I do not think that this is beyond the capabilities of the Arduino if he uses digital detectors. However you are right. Unless the desired time resolution is known it is unclear if this is a simple or a hard task.
I am pretty sure it isn't; back when I went to High Tech Institute (I know, cheesy name) here in Phoenix, in 1991-92 - we built a pattern recognizer system using 64 phototransistors and a multiplexing system not unlike the LED grid projects you see people doing with the Arduino - just rather than driving the columns/rows of LEDs, we were switching 8 columns at a time per row to read the values via the parallel port of an Amiga 1000 (on which we had to write a 68000-based assembler code to read the port, and output whether the "mask" character we placed on the array matched a character in memory - crude form of OCR).
That Amiga was only running at 7 MHz. We did have more memory at our disposal, though. Even so, I don't think this project is out of the realm of possibility of working using an Arduino; maybe this weekend I can dig out my old papers and schematic of that system and post it here, if it would help.
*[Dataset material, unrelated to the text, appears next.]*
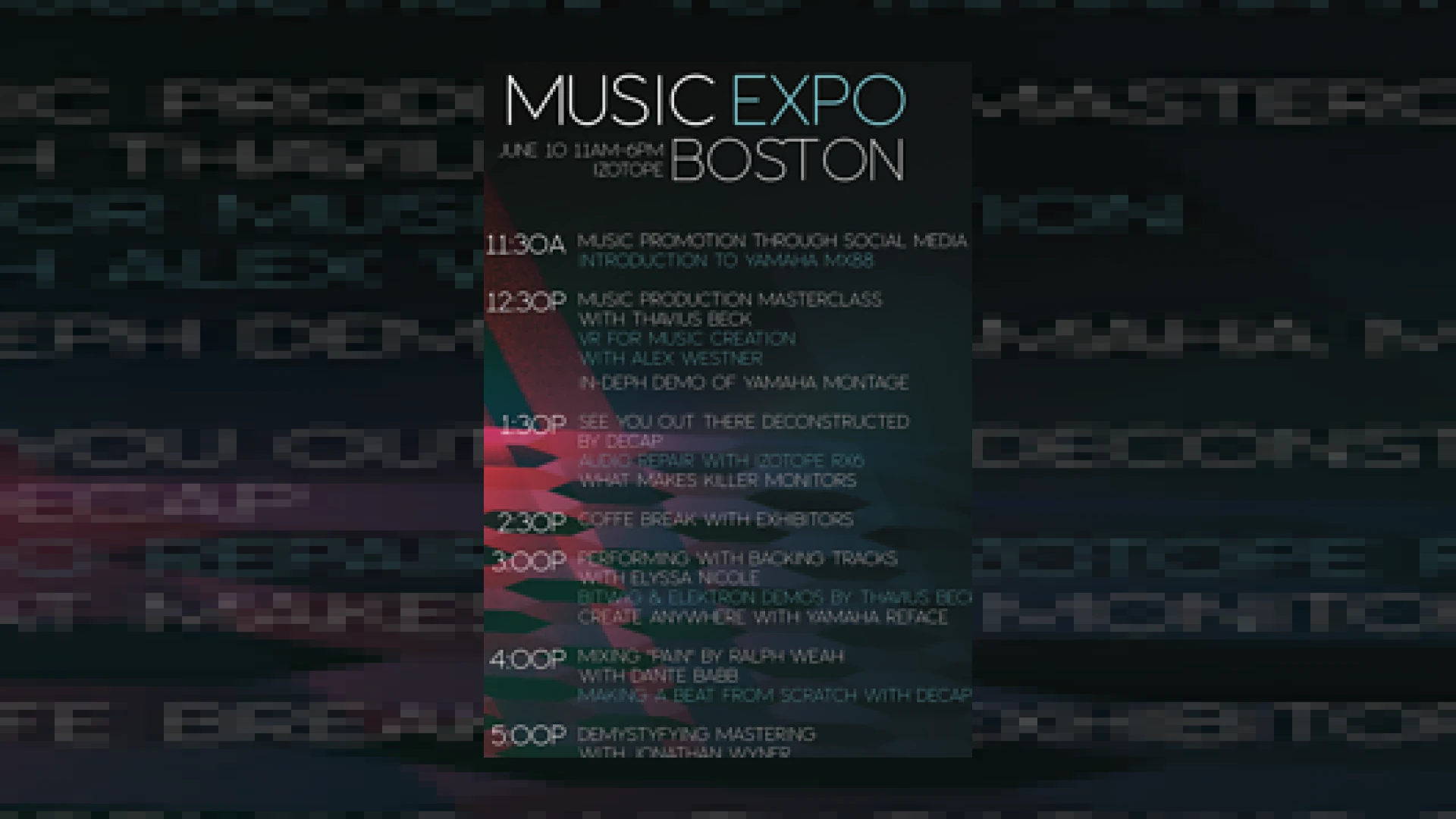 music expo boston programme revealed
On a different note, one guy for his "final project", with the help of an instructor - built and set up (breadboard style - rat's nest city!) a laser rangefinder using a linear array of LEDs as photodetector elements. The laser was an HeNe tube-based laser the school had (this was before cheap LED laser diode modules - such modules were available, but well outside our's or the school's price range); the rest of the system would detect the bounce of the laser off a mirror, with it's distance changing the angle the reflected beam back to the LEDs. Based on which LED was "lit" by the laser, a complex multiplexing and counter circuit would determine how to light up a pair of 7-segment LED arrays to form an output number, which was the "distance". No computer, microcontroller, or anything like that involved at all - just a bunch of breadboards, wires, and TTL logic. The guy got an "A" of course.